James Tompkins - Brief Biography

Brief Biography

Jimmy Tompkins was born in Margaree Forks, Nova Scotia, a small farming community on Cape Breton Island. From 1888-1895, he attended St. Francis Xavier University in alternate semesters while teaching there to support himself teaching Greek and Mathematics. He attended the Urban College of the Congregatio de Propaganda Fide (Papal Congregation for the Propagation of the Faith) in Rome from 1897 to 1902. On his return, he continued teaching at St. Francis Xavier University and became the vice-rector in 1907.

Working closely with the Carnegie Corporation, he implemented various reform and modernization programs, culminating in an unsuccessful attempt to amalgamate various sectarian and non-sectarian colleges in the Maritime Provinces into one nondenominational university centered around Dalhousie University in Halifax.
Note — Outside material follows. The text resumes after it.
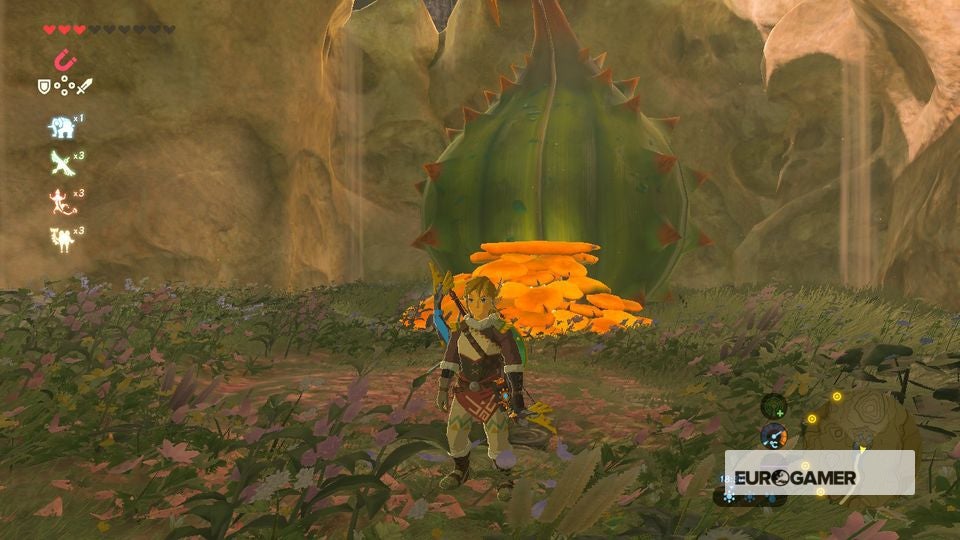 Zelda EX Ancient Horse Rumors How to get the Ancient Bridle and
Although the Roman Catholic Archbishop of Halifax Edward McCarthy supported amalgamation, the Catholic Bishop of Antigonish James Morrison successfully opposed it and eventually exiled Tompkins to the tiny fishing village of Canso, Nova Scotia as parish priest for Canso, Little Dover and Queensport.
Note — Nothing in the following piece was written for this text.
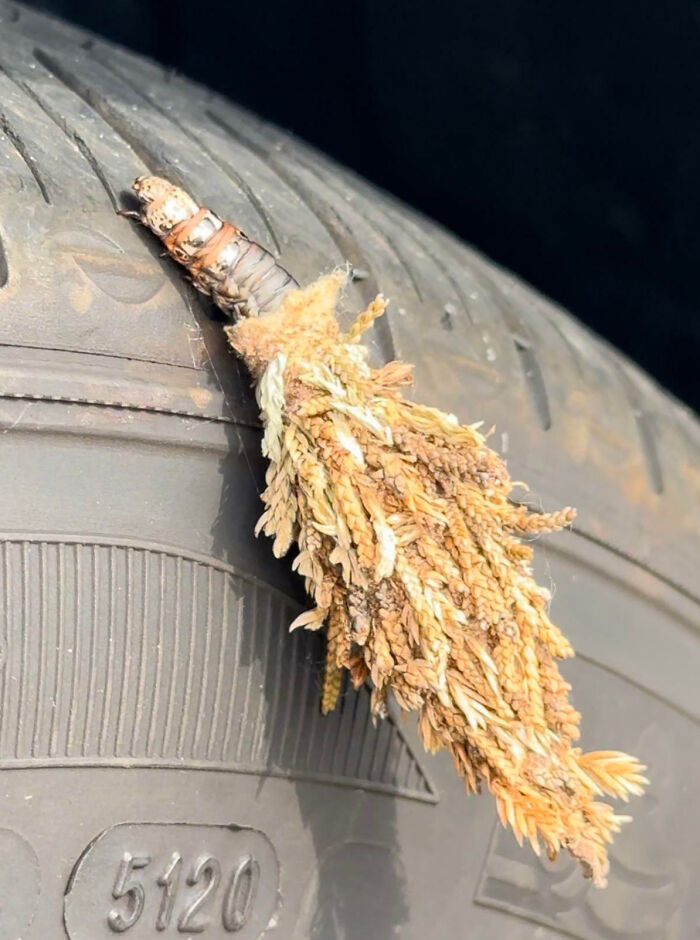 59 Fascinating Insects That Deserve More Appreciation And Less Fear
As parish priest Tompkins observed firsthand the plight of the poor fishing community there and helped organize and lead what would become the Antigonish Movement of cooperative fisheries, stores, housing projects, and adult study groups. The Antigonish Movement was eventually institutionalized in the form of the Extension Department at St. Francis Xavier, which was headed by Tompkins' double-cousin Father Moses Coady and which included Father (Dr.) Hugh MacPherson, A.B. MacDonald and others.